§ **Exercise directions**
Starting with the line that contains "Navy Blue t-shirt" and stopping after the line that contains "Guests enjoying seafood", copy the entries below exactly. Include nothing else.

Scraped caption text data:
/---

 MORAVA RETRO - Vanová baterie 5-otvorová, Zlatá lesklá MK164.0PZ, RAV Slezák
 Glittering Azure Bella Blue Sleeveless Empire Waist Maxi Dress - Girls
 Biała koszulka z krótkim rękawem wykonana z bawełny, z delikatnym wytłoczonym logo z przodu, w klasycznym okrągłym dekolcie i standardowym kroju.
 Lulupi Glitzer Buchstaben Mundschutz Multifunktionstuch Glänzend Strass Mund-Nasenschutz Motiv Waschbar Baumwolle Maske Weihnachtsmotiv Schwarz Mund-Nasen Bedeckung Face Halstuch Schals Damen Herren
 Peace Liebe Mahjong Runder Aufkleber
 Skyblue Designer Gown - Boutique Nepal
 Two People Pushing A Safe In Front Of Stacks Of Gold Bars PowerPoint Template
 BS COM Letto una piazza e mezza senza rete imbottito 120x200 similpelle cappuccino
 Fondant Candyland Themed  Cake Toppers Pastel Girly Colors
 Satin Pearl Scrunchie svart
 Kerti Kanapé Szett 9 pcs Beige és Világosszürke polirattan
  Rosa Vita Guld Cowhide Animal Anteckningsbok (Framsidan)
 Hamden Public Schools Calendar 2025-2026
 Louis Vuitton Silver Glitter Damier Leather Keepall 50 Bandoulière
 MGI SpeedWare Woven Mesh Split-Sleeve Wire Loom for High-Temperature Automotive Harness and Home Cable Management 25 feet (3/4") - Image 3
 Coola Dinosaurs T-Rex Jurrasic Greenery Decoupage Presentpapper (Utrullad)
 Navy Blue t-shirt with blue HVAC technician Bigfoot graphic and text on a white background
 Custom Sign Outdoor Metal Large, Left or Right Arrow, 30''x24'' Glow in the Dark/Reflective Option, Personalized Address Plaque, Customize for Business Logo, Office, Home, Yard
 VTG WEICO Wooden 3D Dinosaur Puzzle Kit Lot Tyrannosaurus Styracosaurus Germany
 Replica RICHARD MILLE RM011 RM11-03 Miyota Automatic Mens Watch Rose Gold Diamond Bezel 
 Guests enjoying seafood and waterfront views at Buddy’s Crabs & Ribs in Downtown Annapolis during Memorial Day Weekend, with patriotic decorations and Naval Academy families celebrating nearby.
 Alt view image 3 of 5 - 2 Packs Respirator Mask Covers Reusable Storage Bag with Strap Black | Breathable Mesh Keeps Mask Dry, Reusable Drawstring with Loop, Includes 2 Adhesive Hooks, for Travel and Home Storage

\---

§ **Result of the exercise**
 Navy Blue t-shirt with blue HVAC technician Bigfoot graphic and text on a white background
 Custom Sign Outdoor Metal Large, Left or Right Arrow, 30''x24'' Glow in the Dark/Reflective Option, Personalized Address Plaque, Customize for Business Logo, Office, Home, Yard
 VTG WEICO Wooden 3D Dinosaur Puzzle Kit Lot Tyrannosaurus Styracosaurus Germany
 Replica RICHARD MILLE RM011 RM11-03 Miyota Automatic Mens Watch Rose Gold Diamond Bezel 
 Guests enjoying seafood and waterfront views at Buddy’s Crabs & Ribs in Downtown Annapolis during Memorial Day Weekend, with patriotic decorations and Naval Academy families celebrating nearby.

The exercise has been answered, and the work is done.